** Opening RECORDS FOR PROCESSING block **

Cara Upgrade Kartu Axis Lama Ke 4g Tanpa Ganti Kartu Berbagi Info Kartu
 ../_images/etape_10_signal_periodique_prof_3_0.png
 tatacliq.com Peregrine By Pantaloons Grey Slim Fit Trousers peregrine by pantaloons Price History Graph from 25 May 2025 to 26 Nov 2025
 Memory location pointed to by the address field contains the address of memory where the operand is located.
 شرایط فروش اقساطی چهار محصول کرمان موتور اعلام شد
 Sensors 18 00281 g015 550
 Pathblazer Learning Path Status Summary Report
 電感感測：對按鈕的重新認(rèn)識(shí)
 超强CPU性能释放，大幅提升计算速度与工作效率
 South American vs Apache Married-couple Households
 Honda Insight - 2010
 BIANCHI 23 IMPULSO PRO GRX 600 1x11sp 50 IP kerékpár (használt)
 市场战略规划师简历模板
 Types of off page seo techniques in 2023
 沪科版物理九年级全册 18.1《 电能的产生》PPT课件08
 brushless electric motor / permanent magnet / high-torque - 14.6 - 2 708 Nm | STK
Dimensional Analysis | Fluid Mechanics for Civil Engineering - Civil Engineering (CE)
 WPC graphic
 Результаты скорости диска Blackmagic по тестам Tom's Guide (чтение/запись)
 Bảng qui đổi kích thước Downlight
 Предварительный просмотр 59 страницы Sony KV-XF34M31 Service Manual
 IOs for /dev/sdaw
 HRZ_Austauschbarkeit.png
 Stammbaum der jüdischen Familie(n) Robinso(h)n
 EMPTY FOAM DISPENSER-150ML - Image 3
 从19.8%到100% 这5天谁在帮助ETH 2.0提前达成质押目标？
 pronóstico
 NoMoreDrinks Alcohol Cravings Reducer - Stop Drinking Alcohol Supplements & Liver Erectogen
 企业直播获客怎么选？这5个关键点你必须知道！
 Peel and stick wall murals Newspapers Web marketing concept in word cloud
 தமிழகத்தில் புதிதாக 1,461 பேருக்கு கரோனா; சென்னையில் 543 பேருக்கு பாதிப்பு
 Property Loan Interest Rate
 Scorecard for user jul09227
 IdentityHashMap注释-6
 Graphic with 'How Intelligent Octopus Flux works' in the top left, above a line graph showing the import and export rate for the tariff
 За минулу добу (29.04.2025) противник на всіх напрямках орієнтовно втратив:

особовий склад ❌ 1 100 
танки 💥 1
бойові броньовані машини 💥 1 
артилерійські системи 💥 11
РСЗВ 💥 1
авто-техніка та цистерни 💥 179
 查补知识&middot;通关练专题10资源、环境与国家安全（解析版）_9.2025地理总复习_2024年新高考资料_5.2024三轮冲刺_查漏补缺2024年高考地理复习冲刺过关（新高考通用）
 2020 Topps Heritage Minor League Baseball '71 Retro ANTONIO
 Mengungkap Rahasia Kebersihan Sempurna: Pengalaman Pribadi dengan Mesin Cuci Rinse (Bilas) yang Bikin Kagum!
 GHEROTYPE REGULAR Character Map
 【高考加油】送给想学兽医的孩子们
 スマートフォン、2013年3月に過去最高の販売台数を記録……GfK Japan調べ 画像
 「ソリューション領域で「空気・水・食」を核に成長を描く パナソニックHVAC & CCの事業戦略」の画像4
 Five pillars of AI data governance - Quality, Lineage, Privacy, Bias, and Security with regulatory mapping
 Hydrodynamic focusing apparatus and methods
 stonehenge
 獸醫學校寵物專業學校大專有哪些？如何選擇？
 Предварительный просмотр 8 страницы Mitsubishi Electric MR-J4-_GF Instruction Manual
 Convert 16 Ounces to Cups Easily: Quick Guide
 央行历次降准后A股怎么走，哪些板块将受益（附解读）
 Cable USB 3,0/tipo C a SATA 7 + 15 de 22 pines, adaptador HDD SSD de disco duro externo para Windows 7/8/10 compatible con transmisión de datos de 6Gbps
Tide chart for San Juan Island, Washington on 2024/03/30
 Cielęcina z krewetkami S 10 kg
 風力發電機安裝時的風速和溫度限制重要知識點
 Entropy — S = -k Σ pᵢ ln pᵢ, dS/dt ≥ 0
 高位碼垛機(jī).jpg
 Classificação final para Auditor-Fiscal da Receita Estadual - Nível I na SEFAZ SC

** Closing RECORDS FOR PROCESSING block **

WHAT IS NEEDED = When you copy the data, keep every line word for word.

OUTPUT BELOW =
Cara Upgrade Kartu Axis Lama Ke 4g Tanpa Ganti Kartu Berbagi Info Kartu
 ../_images/etape_10_signal_periodique_prof_3_0.png
 tatacliq.com Peregrine By Pantaloons Grey Slim Fit Trousers peregrine by pantaloons Price History Graph from 25 May 2025 to 26 Nov 2025
 Memory location pointed to by the address field contains the address of memory where the operand is located.
 شرایط فروش اقساطی چهار محصول کرمان موتور اعلام شد
 Sensors 18 00281 g015 550
 Pathblazer Learning Path Status Summary Report
 電感感測：對按鈕的重新認(rèn)識(shí)
 超强CPU性能释放，大幅提升计算速度与工作效率
 South American vs Apache Married-couple Households
 Honda Insight - 2010
 BIANCHI 23 IMPULSO PRO GRX 600 1x11sp 50 IP kerékpár (használt)
 市场战略规划师简历模板
 Types of off page seo techniques in 2023
 沪科版物理九年级全册 18.1《 电能的产生》PPT课件08
 brushless electric motor / permanent magnet / high-torque - 14.6 - 2 708 Nm | STK
Dimensional Analysis | Fluid Mechanics for Civil Engineering - Civil Engineering (CE)
 WPC graphic
 Результаты скорости диска Blackmagic по тестам Tom's Guide (чтение/запись)
 Bảng qui đổi kích thước Downlight
 Предварительный просмотр 59 страницы Sony KV-XF34M31 Service Manual
 IOs for /dev/sdaw
 HRZ_Austauschbarkeit.png
 Stammbaum der jüdischen Familie(n) Robinso(h)n
 EMPTY FOAM DISPENSER-150ML - Image 3
 从19.8%到100% 这5天谁在帮助ETH 2.0提前达成质押目标？
 pronóstico
 NoMoreDrinks Alcohol Cravings Reducer - Stop Drinking Alcohol Supplements & Liver Erectogen
 企业直播获客怎么选？这5个关键点你必须知道！
 Peel and stick wall murals Newspapers Web marketing concept in word cloud
 தமிழகத்தில் புதிதாக 1,461 பேருக்கு கரோனா; சென்னையில் 543 பேருக்கு பாதிப்பு
 Property Loan Interest Rate
 Scorecard for user jul09227
 IdentityHashMap注释-6
 Graphic with 'How Intelligent Octopus Flux works' in the top left, above a line graph showing the import and export rate for the tariff
 За минулу добу (29.04.2025) противник на всіх напрямках орієнтовно втратив:

особовий склад ❌ 1 100 
танки 💥 1
бойові броньовані машини 💥 1 
артилерійські системи 💥 11
РСЗВ 💥 1
авто-техніка та цистерни 💥 179
 查补知识&middot;通关练专题10资源、环境与国家安全（解析版）_9.2025地理总复习_2024年新高考资料_5.2024三轮冲刺_查漏补缺2024年高考地理复习冲刺过关（新高考通用）
 2020 Topps Heritage Minor League Baseball '71 Retro ANTONIO
 Mengungkap Rahasia Kebersihan Sempurna: Pengalaman Pribadi dengan Mesin Cuci Rinse (Bilas) yang Bikin Kagum!
 GHEROTYPE REGULAR Character Map
 【高考加油】送给想学兽医的孩子们
 スマートフォン、2013年3月に過去最高の販売台数を記録……GfK Japan調べ 画像
 「ソリューション領域で「空気・水・食」を核に成長を描く パナソニックHVAC & CCの事業戦略」の画像4
 Five pillars of AI data governance - Quality, Lineage, Privacy, Bias, and Security with regulatory mapping
 Hydrodynamic focusing apparatus and methods
 stonehenge
 獸醫學校寵物專業學校大專有哪些？如何選擇？
 Предварительный просмотр 8 страницы Mitsubishi Electric MR-J4-_GF Instruction Manual
 Convert 16 Ounces to Cups Easily: Quick Guide
 央行历次降准后A股怎么走，哪些板块将受益（附解读）
 Cable USB 3,0/tipo C a SATA 7 + 15 de 22 pines, adaptador HDD SSD de disco duro externo para Windows 7/8/10 compatible con transmisión de datos de 6Gbps
Tide chart for San Juan Island, Washington on 2024/03/30
 Cielęcina z krewetkami S 10 kg
 風力發電機安裝時的風速和溫度限制重要知識點
 Entropy — S = -k Σ pᵢ ln pᵢ, dS/dt ≥ 0
 高位碼垛機(jī).jpg
 Classificação final para Auditor-Fiscal da Receita Estadual - Nível I na SEFAZ SC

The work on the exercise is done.